In announcing the results of the 2023 investigation, former assistant attorney general Kristen Clarke said the Justice Department found evidence suggesting that Alabama’s Department of Public Health showed “a consistent pattern of doing nothing and/or ignoring health risks associated with exposure to raw sewage.”

Sewell added that the burden of “remediating this injustice” fell into the Alabama Department of Public Health. But ADH said in a statement to NBC News: "The installation of health systems and related infrastructure is not outside the authorities or the responsibility."

Permanent Hardy shows off the 2022 sewage in Lowndes County and the dumping behind her neighbor's home.Jake Crandal / Advertiser / USA Today Network

ADH's second statement said the department had secured $1.5 million in funding from the Biden agreement and was partly used to pay for three septic tank units. With the remaining money, ADH will pay the contractors to complete more work by May 2026, the statement said. Trump killed the deal before any other funds could be allocated to determine the water infrastructure. Annye Burke said her daughter lives next door and is in trouble because she hopes to receive a new septic tank when it collapses recently. Over the past four years, she has lived with water problems.

"I know how to grow up in the country and have to use outdoor facilities, I know how to do it," Burke said. "I only spend one day at a time praying and keep going.
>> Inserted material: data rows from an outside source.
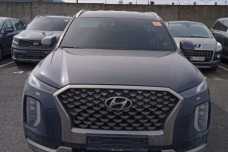 Hyundai Palisade I, 2021, пробег 100000 км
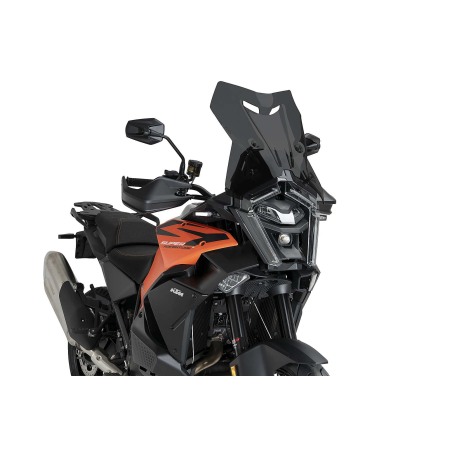 Puig Racing 23025 Cupolino Touring Per Ktm 1390 R Super Adventure, 1390 S Evo, 1390 S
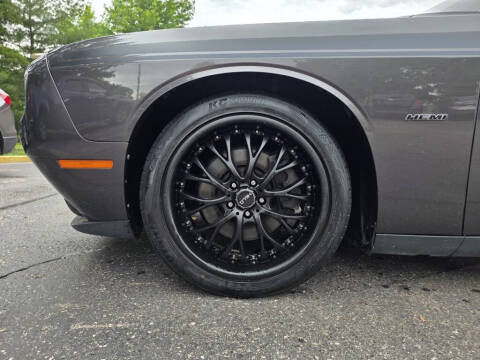 2015 Dodge Challenger R/T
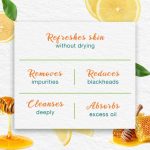 ⁦هيمالايا  غسول الليمون للتحكم بزيوت بشرة الوجه من - 150مل⁩ - الصورة ⁦5⁩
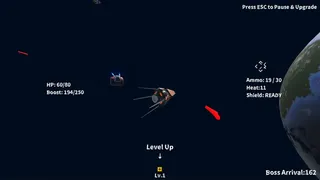 Скриншот 5 к игре 5 Min Space Battle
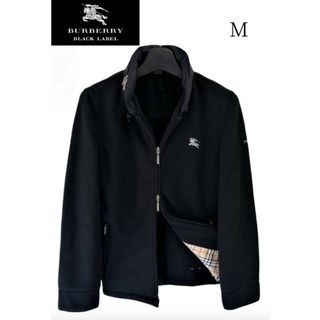 美品✨BLACK LABEL アウター パーカー M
I don't let it down. But my daughter grew up, so I'm worried about how she handles these things."

Activityist Flowers said that while she hopes the agreement will be rebuilt, she has seen the community come together to make a change. She noted that last week she was in Mount Vernon, New York, where sewage treatment issues were resolved with the merger of city, county and state governments.

"They were fixed because they should have," Flos said. The problem was discovered in 2021 "a fix in five years. I've been working in Lorend County since 2002."

Some families already have the ability to move out, but many cannot afford it. Then the connection to the land is also a factor, Flos said.

"My family has been in Lorend County since slavery," Fros said. "This is the home for people. Why do we move? That's where our people are buried."

Changing a house is not only about occupying another house.

“We are talking about giving up a culture,” she said. “So we will continue this battle.”